| EXERCISE |
An exact restatement is required. Cover only the lines of the records from the first through the line with "Infographic: Jaaziel name", and skip pictures.

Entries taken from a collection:
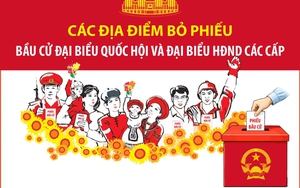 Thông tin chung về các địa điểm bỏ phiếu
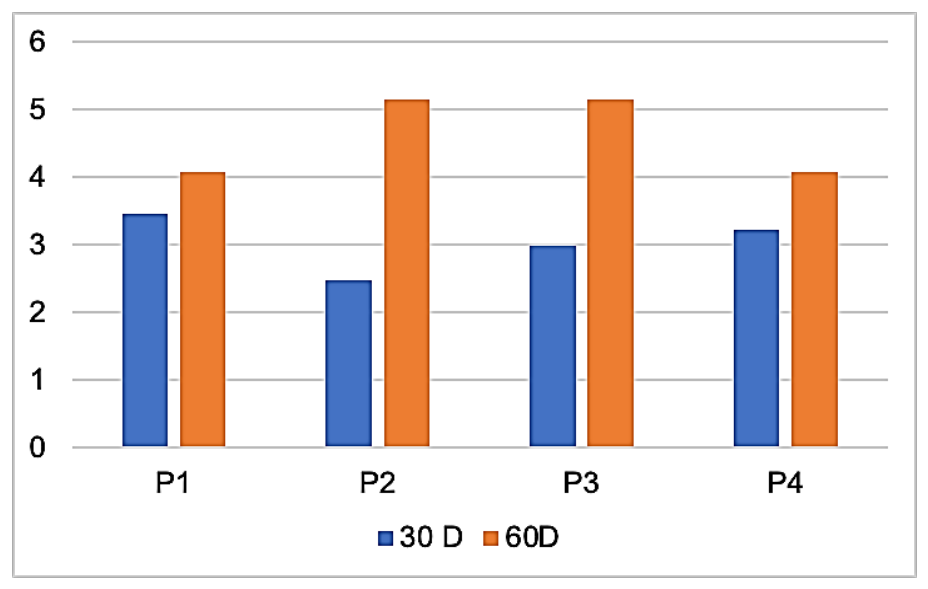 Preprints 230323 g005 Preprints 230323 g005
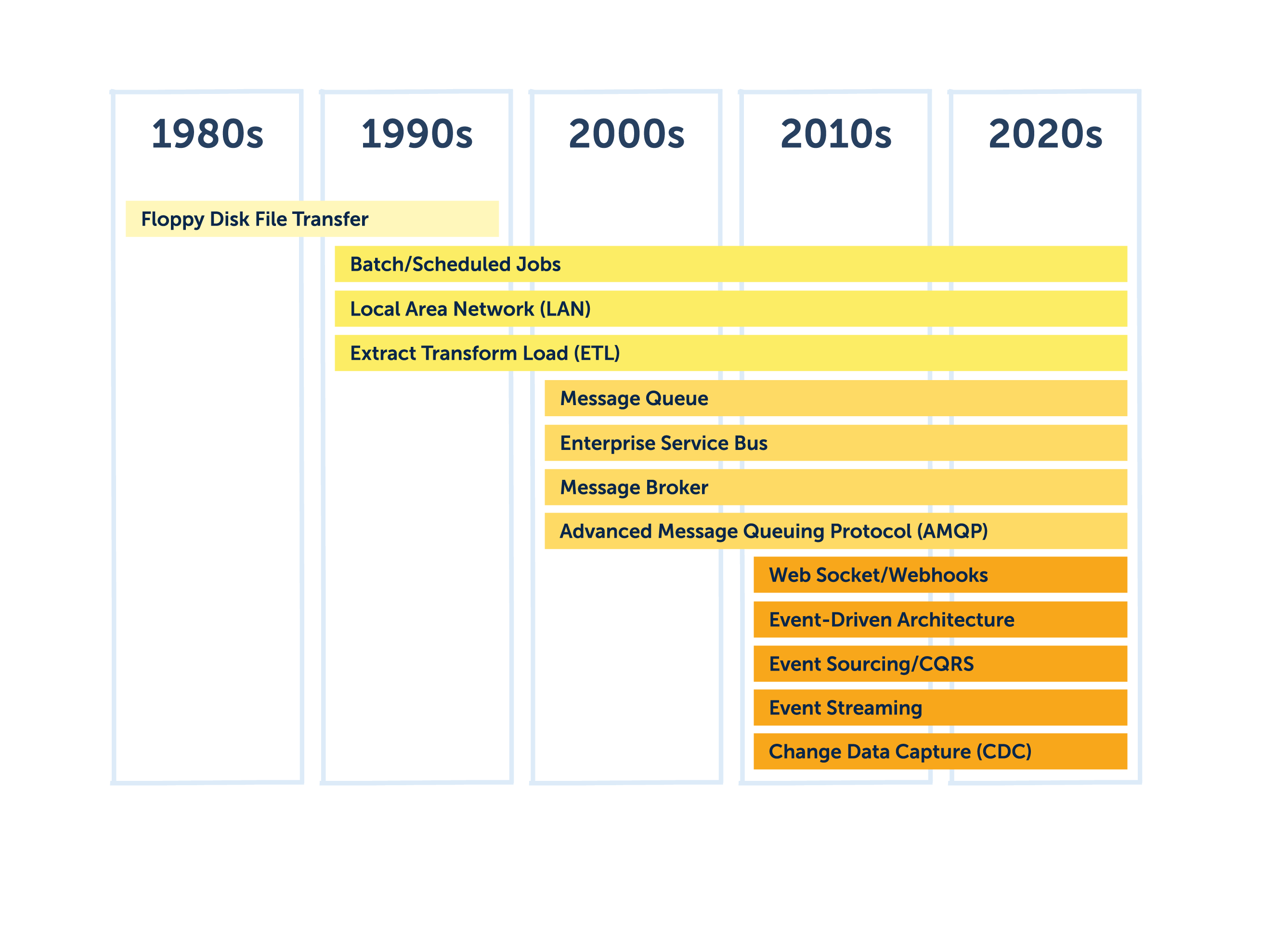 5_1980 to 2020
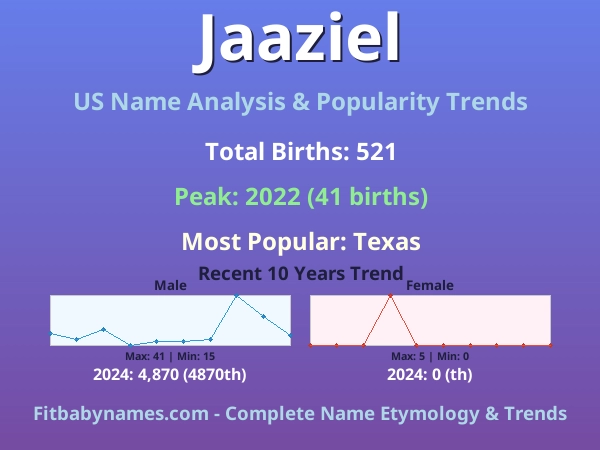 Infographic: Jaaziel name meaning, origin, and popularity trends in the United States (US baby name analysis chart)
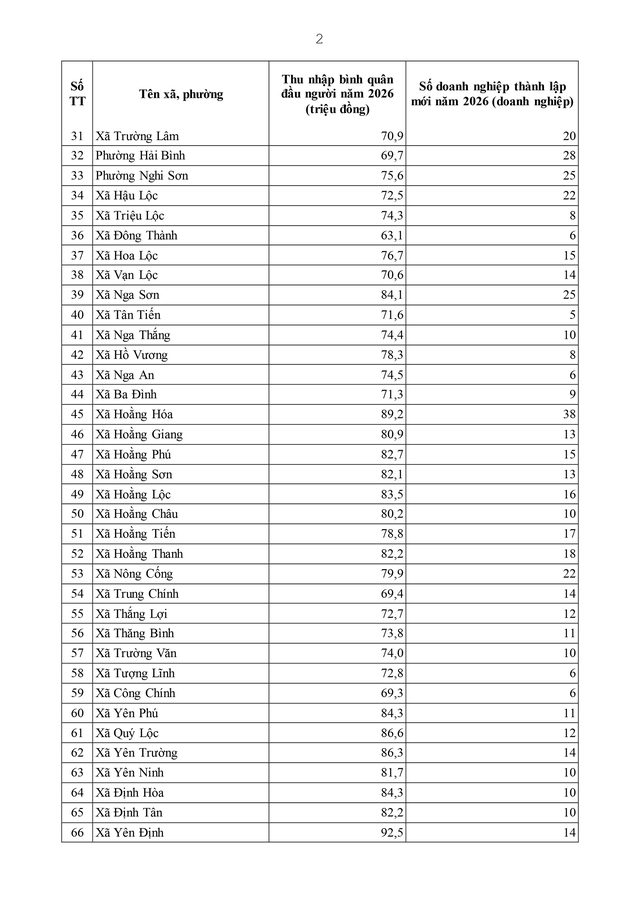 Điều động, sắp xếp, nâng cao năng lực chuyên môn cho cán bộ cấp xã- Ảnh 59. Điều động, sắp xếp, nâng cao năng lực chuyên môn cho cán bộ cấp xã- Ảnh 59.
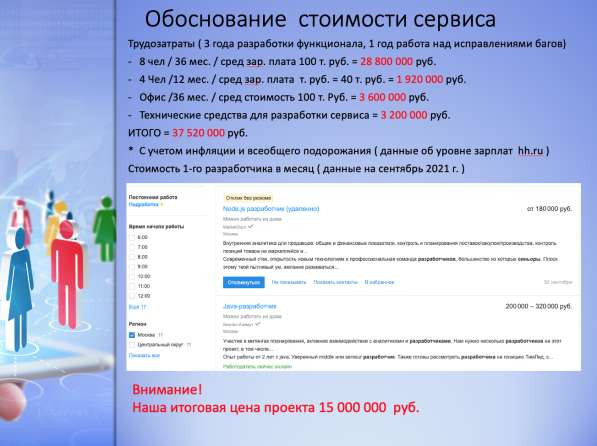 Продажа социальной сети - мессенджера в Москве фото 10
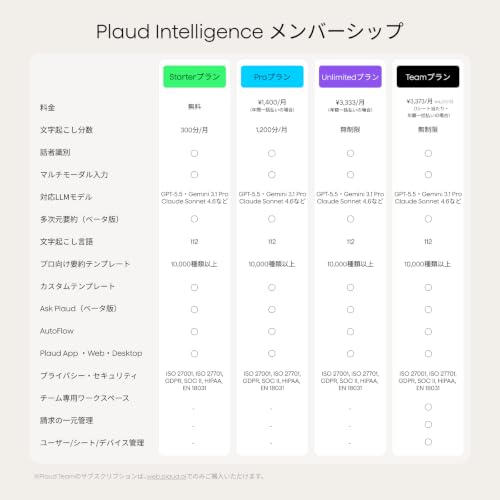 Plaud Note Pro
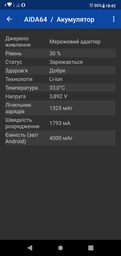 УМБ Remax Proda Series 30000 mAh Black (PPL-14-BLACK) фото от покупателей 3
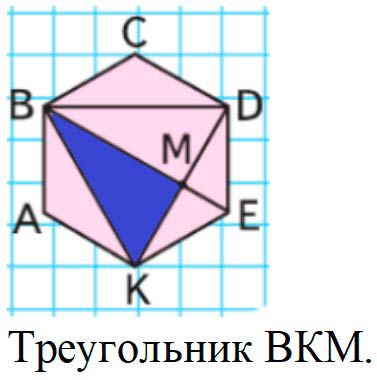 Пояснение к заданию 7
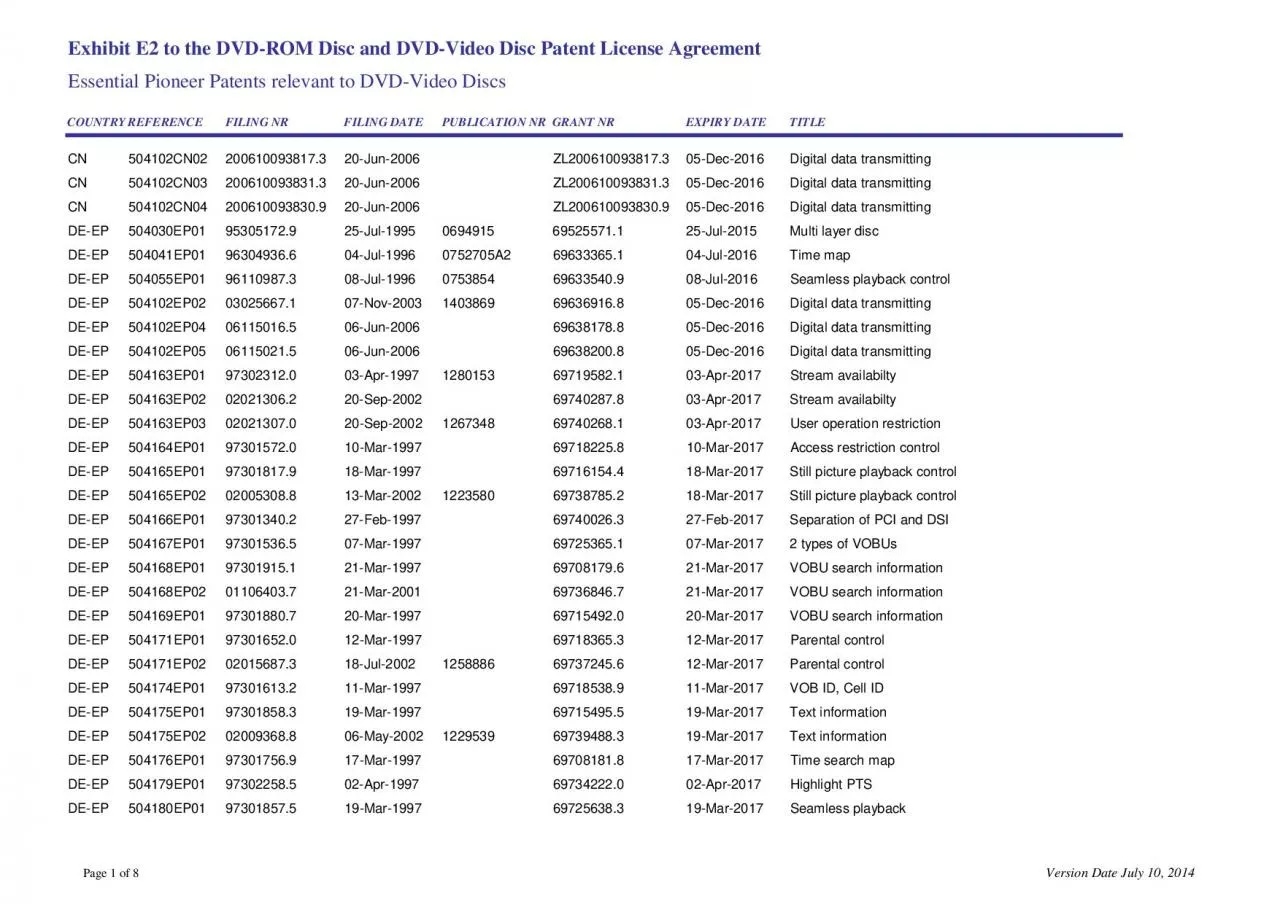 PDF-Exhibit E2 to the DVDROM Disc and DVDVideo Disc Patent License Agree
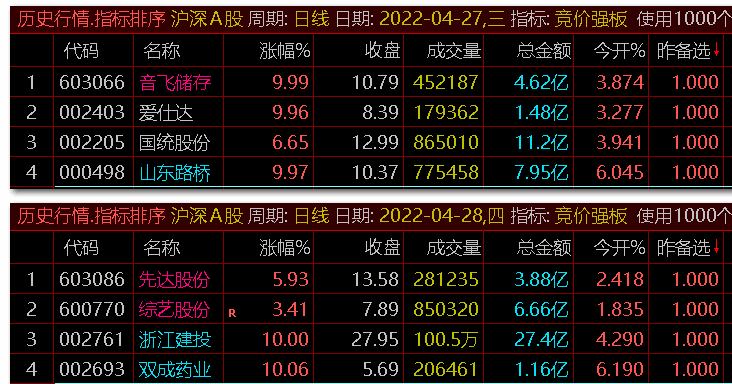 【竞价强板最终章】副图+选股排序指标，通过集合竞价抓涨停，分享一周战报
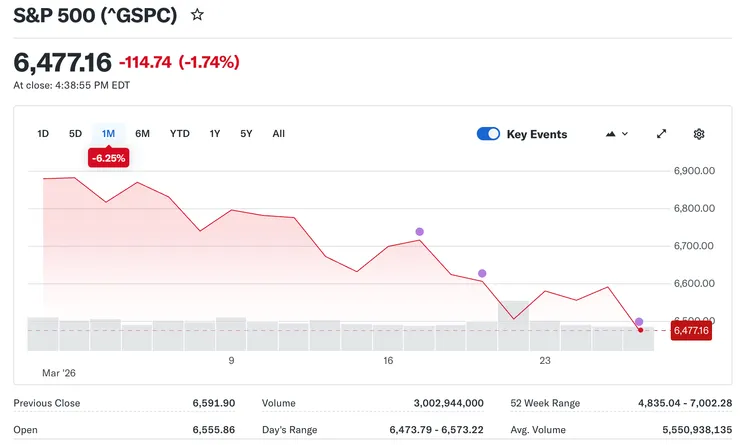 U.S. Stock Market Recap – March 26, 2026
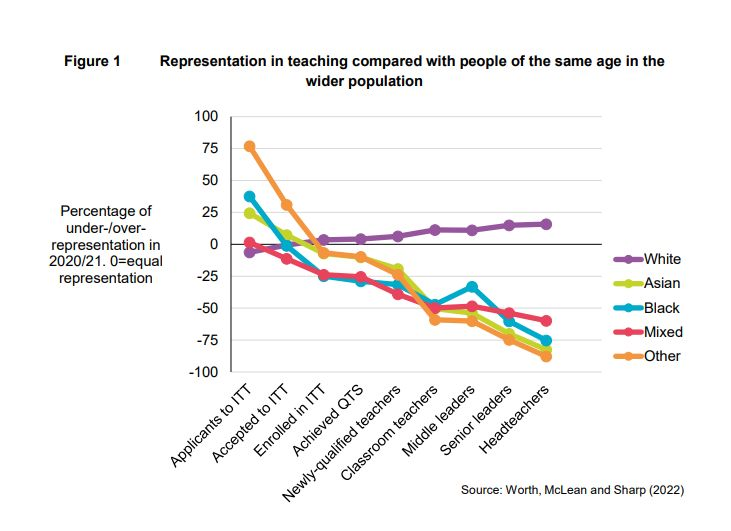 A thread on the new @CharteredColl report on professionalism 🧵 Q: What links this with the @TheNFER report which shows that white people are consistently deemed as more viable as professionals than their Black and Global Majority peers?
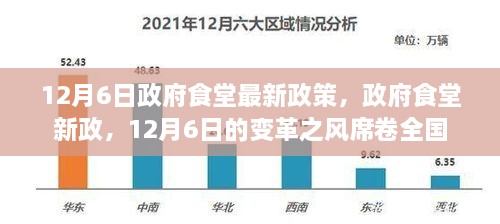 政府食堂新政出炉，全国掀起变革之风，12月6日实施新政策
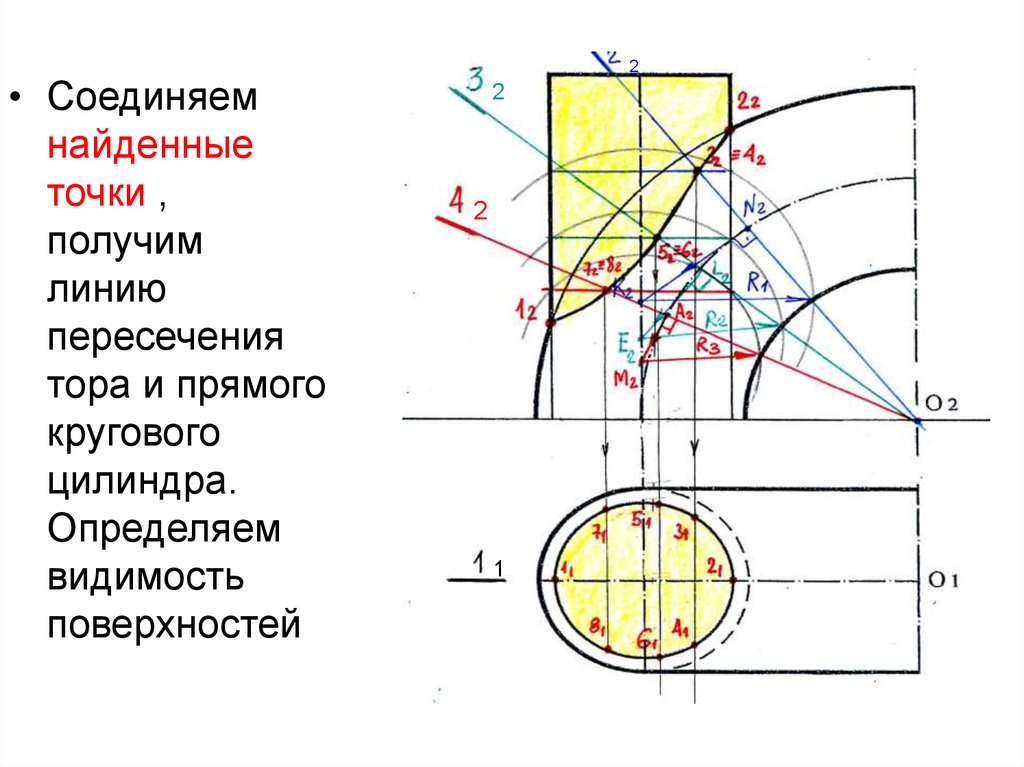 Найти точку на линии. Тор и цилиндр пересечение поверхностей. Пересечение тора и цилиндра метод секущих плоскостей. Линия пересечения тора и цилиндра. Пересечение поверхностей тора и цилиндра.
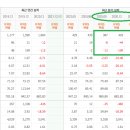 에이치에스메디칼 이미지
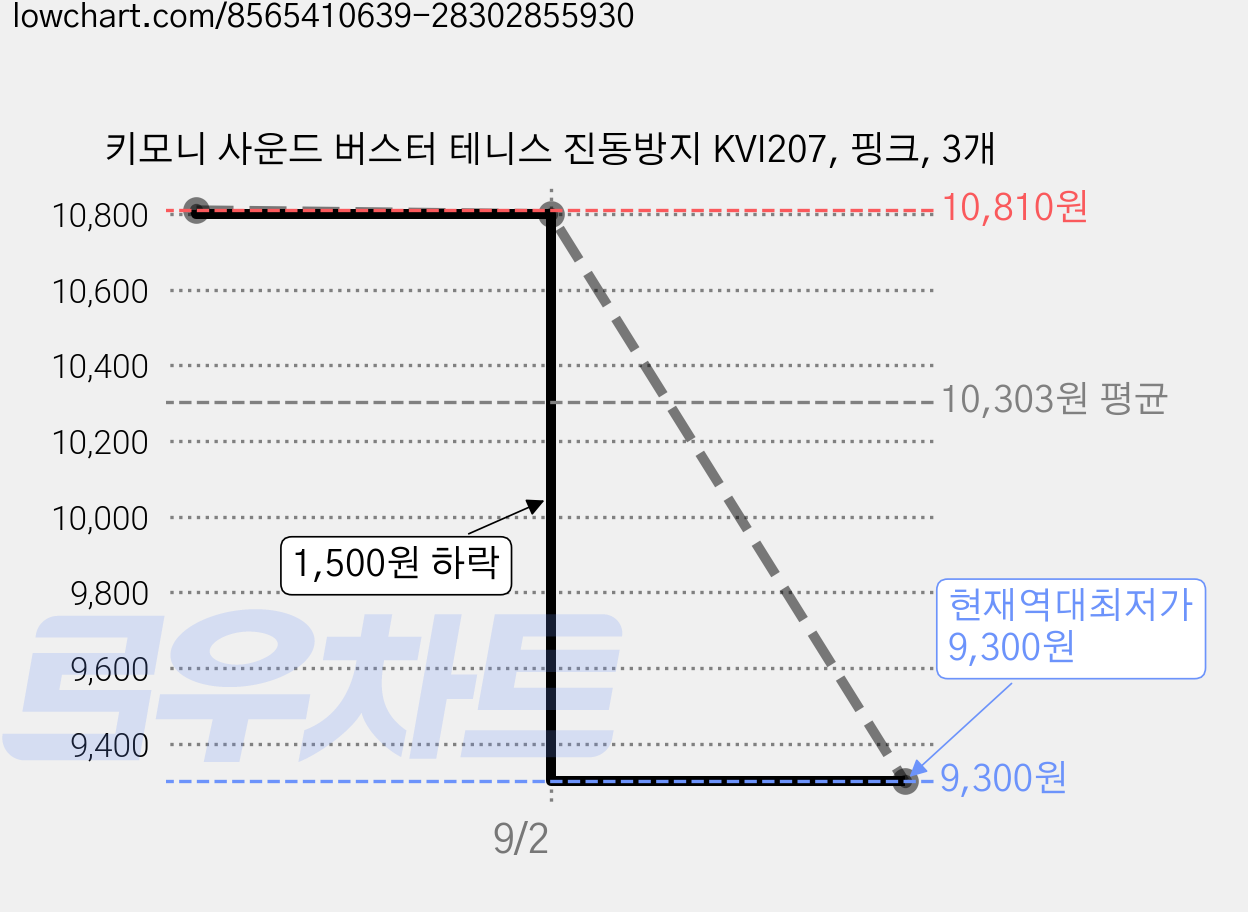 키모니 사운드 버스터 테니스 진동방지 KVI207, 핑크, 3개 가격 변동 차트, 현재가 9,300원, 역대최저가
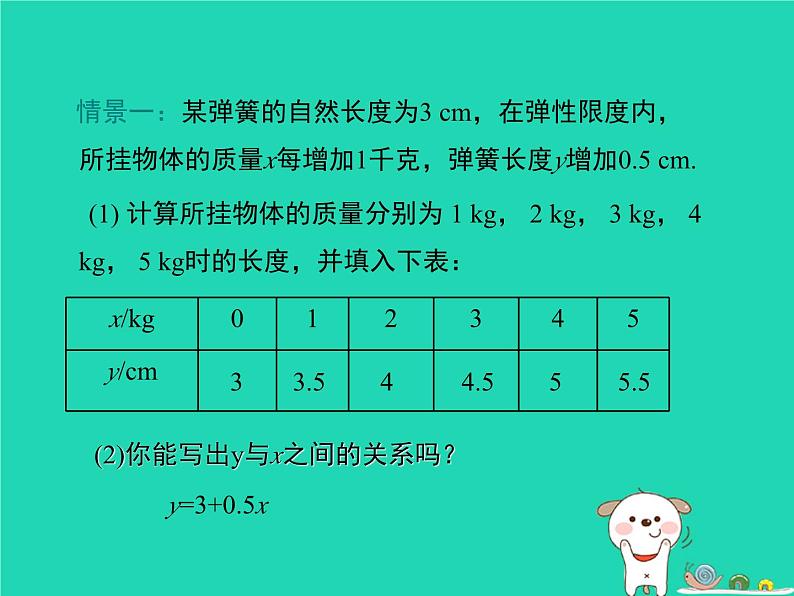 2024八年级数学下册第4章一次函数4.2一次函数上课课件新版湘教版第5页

| RESPONSE AREA |
 Thông tin chung về các địa điểm bỏ phiếu
 Preprints 230323 g005 Preprints 230323 g005
 5_1980 to 2020
 Infographic: Jaaziel name meaning, origin, and popularity trends in the United States (US baby name analysis chart)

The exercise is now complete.